Working of JFET- The two P-N junctions at the sides form two depletion layers. The current conduction by charge carrier i.e. electrons in case of N-channel JFET is thought the channel between two depletion layers and out of drain.
The width and hence resistance of this channel can be control by changing the input voltage Vgs. The greater the reverse voltage Vgs the wider will be the depletion layer and narrow will be the conducting channel.
The narrow channel means greater resistance. Hence source to drain current decreases thus JFET is operated on the principle that width and resistance of conduction channel can be varied by changing reverse voltage Vgs.
When a voltage Vds is applied between the source and drain terminal, and the voltage on the gate is Zero, the two P-N junctions at the sides of the bar establish depletion layers. The elected will flow from source to drain through a channel between depletion layers.

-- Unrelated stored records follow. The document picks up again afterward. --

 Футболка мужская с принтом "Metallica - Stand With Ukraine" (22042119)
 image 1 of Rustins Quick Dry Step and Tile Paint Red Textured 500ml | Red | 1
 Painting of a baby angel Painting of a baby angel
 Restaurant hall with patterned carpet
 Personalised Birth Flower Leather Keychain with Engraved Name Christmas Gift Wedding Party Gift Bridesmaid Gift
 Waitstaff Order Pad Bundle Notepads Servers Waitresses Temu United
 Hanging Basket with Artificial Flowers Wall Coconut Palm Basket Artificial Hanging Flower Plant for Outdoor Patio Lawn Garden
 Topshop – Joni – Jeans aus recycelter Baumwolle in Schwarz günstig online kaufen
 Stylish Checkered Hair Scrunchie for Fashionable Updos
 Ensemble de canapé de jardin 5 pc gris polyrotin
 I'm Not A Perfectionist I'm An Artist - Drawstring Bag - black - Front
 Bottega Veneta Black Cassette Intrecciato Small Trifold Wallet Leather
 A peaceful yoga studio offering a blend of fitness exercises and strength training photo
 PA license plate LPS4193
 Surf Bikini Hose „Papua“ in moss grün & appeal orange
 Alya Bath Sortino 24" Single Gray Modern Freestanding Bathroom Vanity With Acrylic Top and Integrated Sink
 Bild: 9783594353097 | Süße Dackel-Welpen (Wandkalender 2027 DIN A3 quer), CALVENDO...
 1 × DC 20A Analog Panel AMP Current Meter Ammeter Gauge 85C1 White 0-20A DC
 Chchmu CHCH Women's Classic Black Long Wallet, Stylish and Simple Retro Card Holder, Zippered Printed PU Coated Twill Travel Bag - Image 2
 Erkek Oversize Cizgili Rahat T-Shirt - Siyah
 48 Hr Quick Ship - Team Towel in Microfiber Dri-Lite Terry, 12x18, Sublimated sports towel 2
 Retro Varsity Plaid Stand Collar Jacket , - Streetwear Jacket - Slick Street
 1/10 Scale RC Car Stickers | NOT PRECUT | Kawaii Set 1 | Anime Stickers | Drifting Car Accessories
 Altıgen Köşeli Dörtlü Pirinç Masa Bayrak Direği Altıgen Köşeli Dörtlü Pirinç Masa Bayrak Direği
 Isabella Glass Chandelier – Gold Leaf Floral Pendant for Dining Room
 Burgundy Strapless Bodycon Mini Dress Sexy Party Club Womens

The size of these layers determines the width of the channel and hence current conduction through the bar.
When a reverse voltage Vgs is applied between gate and source the width of the depletion layer is increased.
This reduces the width of the conducting channel thereby increasing the resistance of the N-type bar.
So the current from source to drain is decreased. On the other hand, if the reverse voltage on gate decreases the width of the depletion layer also decreases. This increases the width of conducting channel and hence source to drain current.
So in JFET current from drain to source can be controlled by applying potential across drain terminal.